For lower-tailed \(p\)-values
For lower-tailed tests, simply apply the same logic using the negative of the reference \(t\)-values for the appropriate degrees of freedom.
- If \(t_{\text{obs}}\) falls between two reference values in the row → the \(p\)-value falls between the corresponding probabilities shown at the top of the columns.
- If \(t_{\text{obs}}\) is greater than all negative reference values in the row → the \(p\)-value is greater than the largest probability listed (0.10).
- If \(t_{\text{obs}}\) is smaller than all negative reference values → the \(p\)-value is smaller than the smallest probability listed (0.050)
For two-tailed \(p\)-values
First, take the absolute value of your test statistic: \(|t_{\text{obs}}|\).
Compare \(|t_{\text{obs}}|\) to the positive reference values listed in the table.
Now determine where \(|t_{\text{obs}}|\) falls:
If \(|t_\text{obs}|\) falls between two reference values → the \(p\)-value falls between the corresponding two-tailed probabilities (i.e., twice the one-tailed probabilities shown at the top of the columns).
If \(|t_\text{obs}|\) is greater than all reference values → the \(p\)-value is less than twice the smallest probability listed (e.g., less than 0.01).
If \(|t_\text{obs}|\) is smaller than all reference values → the \(p\)-value is greater than twice the largest probability listed (e.g., greater than 0.2).

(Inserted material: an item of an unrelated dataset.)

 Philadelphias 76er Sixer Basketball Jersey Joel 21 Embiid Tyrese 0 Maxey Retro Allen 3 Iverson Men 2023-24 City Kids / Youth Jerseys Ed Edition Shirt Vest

Computing exact \(p\)-values
In R we can of course compute the exact \(p\)-values using the pt() function.
Lower-tailed \(p\)-values
pt(t_obs, df, lower.tail = FALSE)Upper-tailed \(p\)-values
pt(t_obs, df, lower.tail = FALSE)Two-tailed \(p\)-values
2 * pt(abs(t_obs), df, lower.tail = FALSE)Examples
Upper-tailed test
For upper-tailed tests involving the null distribution \(t_{\nu}\), that is a Student \(t\)-distribution with \(\nu\) degrees of freedom, the \(p\)-value can be calculated as:
\[\begin{align} p\text{-value} &= \Pr(t_{obs} > t_{\nu}) \end{align}\]
where \(t_{obs}\) is our observed test statistic.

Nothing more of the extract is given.